## Stored data
──────────

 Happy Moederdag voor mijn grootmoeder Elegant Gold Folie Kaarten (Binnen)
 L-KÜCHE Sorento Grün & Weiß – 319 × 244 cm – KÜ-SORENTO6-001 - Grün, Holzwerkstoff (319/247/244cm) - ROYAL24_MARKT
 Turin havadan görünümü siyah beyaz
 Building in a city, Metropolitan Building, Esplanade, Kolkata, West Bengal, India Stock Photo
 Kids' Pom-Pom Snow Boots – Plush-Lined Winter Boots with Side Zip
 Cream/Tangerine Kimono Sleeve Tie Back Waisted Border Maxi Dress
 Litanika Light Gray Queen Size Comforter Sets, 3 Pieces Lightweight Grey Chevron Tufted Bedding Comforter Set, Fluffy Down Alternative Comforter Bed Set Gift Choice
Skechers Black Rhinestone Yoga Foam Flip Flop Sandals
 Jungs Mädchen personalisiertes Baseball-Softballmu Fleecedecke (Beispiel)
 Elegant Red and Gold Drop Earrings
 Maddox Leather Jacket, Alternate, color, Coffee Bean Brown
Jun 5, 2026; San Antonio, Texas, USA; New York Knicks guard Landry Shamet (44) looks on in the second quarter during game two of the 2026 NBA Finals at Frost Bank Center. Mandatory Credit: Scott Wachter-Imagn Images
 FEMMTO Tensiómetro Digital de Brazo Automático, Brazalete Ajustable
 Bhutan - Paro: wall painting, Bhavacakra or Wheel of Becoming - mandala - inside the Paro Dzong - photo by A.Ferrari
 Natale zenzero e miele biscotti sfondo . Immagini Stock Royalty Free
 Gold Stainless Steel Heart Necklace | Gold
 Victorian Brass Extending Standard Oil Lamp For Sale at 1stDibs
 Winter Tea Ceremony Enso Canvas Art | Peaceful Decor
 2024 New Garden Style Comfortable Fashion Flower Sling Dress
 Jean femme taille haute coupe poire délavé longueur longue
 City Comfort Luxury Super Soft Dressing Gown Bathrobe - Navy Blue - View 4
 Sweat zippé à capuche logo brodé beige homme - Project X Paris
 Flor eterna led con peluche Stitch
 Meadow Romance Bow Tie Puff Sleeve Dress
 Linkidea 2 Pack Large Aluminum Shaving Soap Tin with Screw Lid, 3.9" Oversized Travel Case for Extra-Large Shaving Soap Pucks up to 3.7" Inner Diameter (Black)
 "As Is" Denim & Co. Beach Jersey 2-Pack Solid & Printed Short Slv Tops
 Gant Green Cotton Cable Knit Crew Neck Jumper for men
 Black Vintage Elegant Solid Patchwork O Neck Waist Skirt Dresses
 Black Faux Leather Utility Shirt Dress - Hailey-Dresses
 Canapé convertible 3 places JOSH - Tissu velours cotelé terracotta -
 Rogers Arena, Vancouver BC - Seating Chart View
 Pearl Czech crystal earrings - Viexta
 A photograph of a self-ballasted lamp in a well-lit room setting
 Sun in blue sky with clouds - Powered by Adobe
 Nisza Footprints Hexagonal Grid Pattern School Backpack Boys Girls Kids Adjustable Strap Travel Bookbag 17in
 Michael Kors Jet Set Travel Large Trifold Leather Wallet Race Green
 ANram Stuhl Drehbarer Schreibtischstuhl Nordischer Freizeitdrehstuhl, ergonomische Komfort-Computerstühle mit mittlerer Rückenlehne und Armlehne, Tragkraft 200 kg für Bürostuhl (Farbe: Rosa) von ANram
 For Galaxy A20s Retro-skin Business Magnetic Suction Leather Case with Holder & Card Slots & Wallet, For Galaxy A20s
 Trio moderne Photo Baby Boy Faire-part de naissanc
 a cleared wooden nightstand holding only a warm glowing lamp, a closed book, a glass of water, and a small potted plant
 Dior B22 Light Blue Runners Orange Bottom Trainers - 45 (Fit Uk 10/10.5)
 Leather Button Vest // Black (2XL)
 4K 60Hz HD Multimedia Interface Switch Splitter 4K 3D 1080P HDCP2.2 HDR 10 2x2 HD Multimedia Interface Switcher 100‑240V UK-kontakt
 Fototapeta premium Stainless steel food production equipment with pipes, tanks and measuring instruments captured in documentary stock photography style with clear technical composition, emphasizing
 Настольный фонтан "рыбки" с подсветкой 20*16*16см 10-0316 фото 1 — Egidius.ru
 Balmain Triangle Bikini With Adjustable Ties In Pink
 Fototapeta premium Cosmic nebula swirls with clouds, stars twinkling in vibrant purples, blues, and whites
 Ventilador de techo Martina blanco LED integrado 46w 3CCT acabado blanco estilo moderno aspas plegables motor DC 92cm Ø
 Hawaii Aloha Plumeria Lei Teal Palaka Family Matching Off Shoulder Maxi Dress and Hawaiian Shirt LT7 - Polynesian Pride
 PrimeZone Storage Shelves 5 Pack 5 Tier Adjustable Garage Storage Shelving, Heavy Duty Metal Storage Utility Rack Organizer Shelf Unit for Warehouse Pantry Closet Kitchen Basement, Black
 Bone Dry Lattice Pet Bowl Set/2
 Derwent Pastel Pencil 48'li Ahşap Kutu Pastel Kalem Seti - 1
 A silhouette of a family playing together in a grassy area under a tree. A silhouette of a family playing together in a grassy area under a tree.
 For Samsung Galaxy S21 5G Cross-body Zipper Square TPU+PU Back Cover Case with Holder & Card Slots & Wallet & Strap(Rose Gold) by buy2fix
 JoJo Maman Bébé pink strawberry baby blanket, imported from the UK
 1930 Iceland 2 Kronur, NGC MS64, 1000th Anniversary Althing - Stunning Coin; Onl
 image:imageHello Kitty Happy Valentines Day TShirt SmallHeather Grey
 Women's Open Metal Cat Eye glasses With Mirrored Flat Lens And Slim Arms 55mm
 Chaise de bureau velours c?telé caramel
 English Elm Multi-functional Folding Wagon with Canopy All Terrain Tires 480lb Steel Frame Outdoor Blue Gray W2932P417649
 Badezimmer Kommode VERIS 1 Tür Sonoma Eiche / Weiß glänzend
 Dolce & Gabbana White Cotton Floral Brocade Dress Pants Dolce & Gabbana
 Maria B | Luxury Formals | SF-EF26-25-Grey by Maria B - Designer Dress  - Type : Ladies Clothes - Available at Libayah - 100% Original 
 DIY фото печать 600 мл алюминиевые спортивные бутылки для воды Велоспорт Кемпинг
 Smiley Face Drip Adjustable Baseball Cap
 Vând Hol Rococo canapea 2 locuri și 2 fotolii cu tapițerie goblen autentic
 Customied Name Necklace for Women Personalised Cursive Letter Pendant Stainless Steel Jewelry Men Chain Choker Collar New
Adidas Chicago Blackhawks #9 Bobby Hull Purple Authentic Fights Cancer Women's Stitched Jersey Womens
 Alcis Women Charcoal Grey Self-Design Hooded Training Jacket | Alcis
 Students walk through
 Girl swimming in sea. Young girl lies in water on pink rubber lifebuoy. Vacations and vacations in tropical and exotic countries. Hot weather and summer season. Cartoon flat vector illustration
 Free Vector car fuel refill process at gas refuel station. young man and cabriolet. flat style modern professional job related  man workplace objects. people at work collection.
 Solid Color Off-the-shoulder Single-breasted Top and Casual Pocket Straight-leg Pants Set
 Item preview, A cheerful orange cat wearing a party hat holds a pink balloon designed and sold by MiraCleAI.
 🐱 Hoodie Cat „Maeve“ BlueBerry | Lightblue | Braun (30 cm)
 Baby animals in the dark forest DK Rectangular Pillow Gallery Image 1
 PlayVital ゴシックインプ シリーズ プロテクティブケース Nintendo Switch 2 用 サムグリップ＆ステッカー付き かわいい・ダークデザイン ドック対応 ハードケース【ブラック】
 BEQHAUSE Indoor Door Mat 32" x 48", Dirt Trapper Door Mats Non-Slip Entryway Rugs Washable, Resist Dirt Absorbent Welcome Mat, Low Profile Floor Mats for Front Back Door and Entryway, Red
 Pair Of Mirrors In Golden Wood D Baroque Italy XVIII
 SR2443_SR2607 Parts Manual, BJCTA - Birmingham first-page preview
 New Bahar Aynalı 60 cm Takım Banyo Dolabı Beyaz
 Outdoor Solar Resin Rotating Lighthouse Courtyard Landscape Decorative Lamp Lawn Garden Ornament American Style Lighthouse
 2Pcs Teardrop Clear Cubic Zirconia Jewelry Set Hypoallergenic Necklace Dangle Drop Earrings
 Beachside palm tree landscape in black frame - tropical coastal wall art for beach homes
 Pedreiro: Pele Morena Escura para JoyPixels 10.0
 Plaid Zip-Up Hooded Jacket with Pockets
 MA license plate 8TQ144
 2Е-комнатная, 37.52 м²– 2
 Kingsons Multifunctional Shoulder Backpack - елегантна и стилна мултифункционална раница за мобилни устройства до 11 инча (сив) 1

──────────

## Exercise brief
Read through the listing and copy each line in which the word "Leather" occurs.

## Result of this exercise
 Maddox Leather Jacket, Alternate, color, Coffee Bean Brown
 Black Faux Leather Utility Shirt Dress - Hailey-Dresses
 Michael Kors Jet Set Travel Large Trifold Leather Wallet Race Green
 For Galaxy A20s Retro-skin Business Magnetic Suction Leather Case with Holder & Card Slots & Wallet, For Galaxy A20s
 Leather Button Vest // Black (2XL)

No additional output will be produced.